/STreeEstimation-SisterMatrix-NJ

For Species Tree estimation using similarity matrix, distance matrix and NJ (FastME)

Primary LanguagePython

Species Tree Estimation using Sister Matrices from weighted quartets & triplets with Neighbor Joining algorithm

For Species Tree estimation using FastME (NJ) and sister matrix

Pipeline (with quartets):

  1. Generate all embedded weighted quartets from a set of gene trees
  2. Generate the most dominant (i.e. best weighted) quartets from all combinations of quartets

Pipeline (with triplets):

  1. Generate all embedded weighted triplets from a set of gene trees
  2. Generate the most dominant (i.e. best weighted) triplets from all combinations of triplets

Pipeline (common steps):

  1. Form a sister matrix using the above weighted quartets (S: sister/similarity matrix)
  2. Form a difference matrix (D) using S i.e. D = 1 - S (element-wise, normalized).
  3. Run NJ on this D matrix.

To remove branch/edge length.

  • Use DendroPy library
taxa = dendropy.TaxonNamespace()
tree = dendropy.Tree.get_from_path(input_file, "newick", taxon_namespace=taxa, rooting="force-rooted")
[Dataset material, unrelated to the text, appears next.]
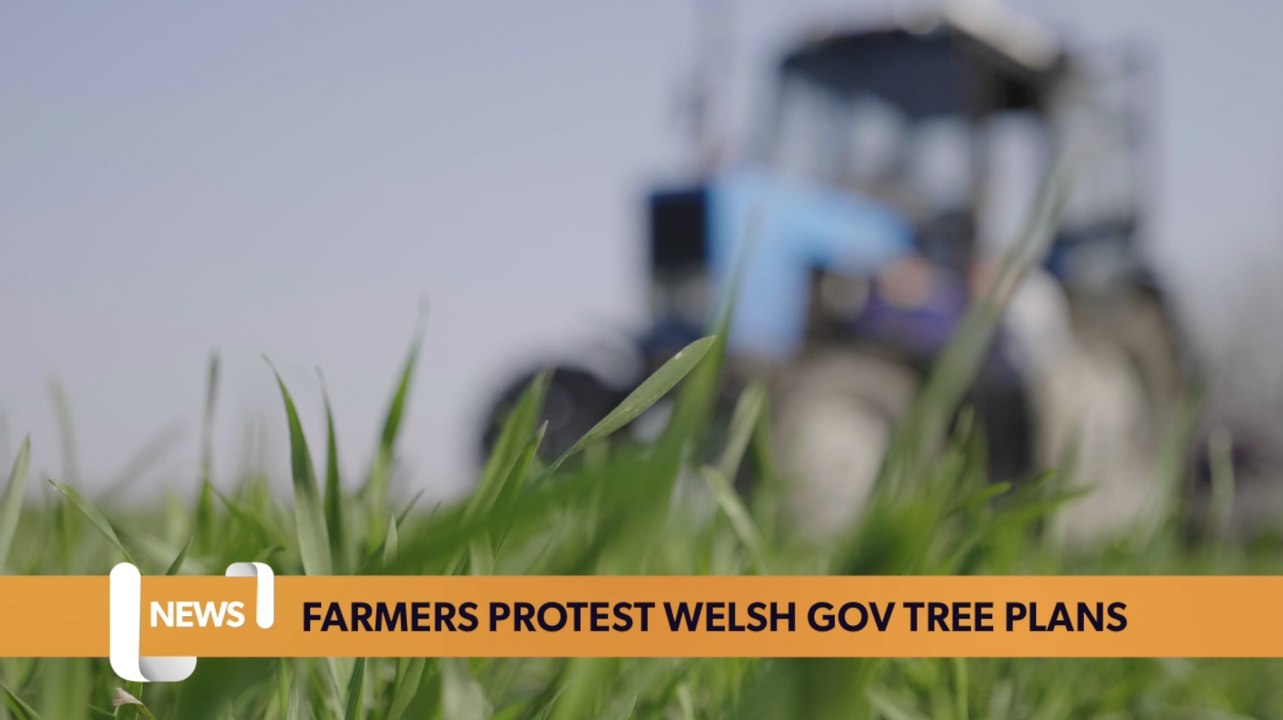 Wales headlines 19 February: Farmers protest Welsh gov tree plans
# https://dendropy.org/primer/trees.html
for edge in tree.postorder_edge_iter():
    edge.length = None

output_tree = tree.as_string("newick").strip()
output_tree = output_tree.replace("[&R] ", "") ## remove this sign

Dependencies:

  1. Needs fastme to be setup and the tool fastme-2.1.5.2-linux64 in the same directory as the required python scripts
  2. For quartets, need the quartet-controller.sh, summarize_quartets.py and numeric_form_matrix_quartets.py scripts
  3. For triplets, need the triplet_count.sh, triplet-encoding-controller.sh and numeric_form_matrix_quartets.py scripts

Running:

For Quartets:

  python3 SCRIPTS_For_NJ_quartets/get_NJ_Tree_using_quartets.py "best-wqrts-file" "output-file-name"

For Triplets:

  python3 SCRIPTS_For_NJ_triplets/compute_NJ_Tree_using_triplets.py "best-wtriplets-file" "output-file-name"

Acknowledgements

  • Neighbor Joining is computed by the FastME tool.
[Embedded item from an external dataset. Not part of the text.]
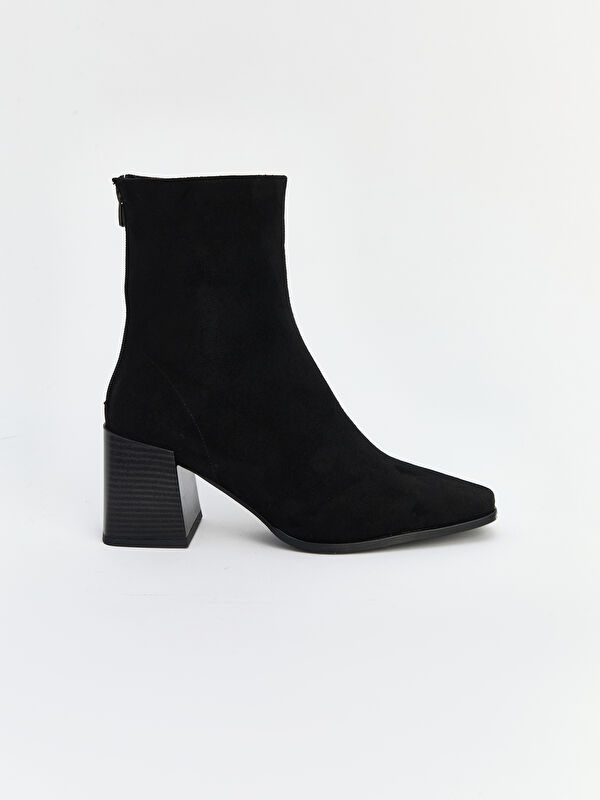 Süet Görünümlü Kadın Topuklu Bot - Görsel 3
    Lefort, Vincent et al. “FastME 2.0: A Comprehensive, Accurate, and Fast Distance-Based Phylogeny Inference Program.” Molecular biology and evolution vol. 32,10 (2015): 2798-800. doi:10.1093/molbev/msv150

  • SisterEstimation uses some methods of the PhyloNet package for rf computations.

    C. Than, D. Ruths, L. Nakhleh (2008) PhyloNet: A software package for analyzing and reconstructing reticulate evolutionary histories, BMC Bioinformatics 9:322.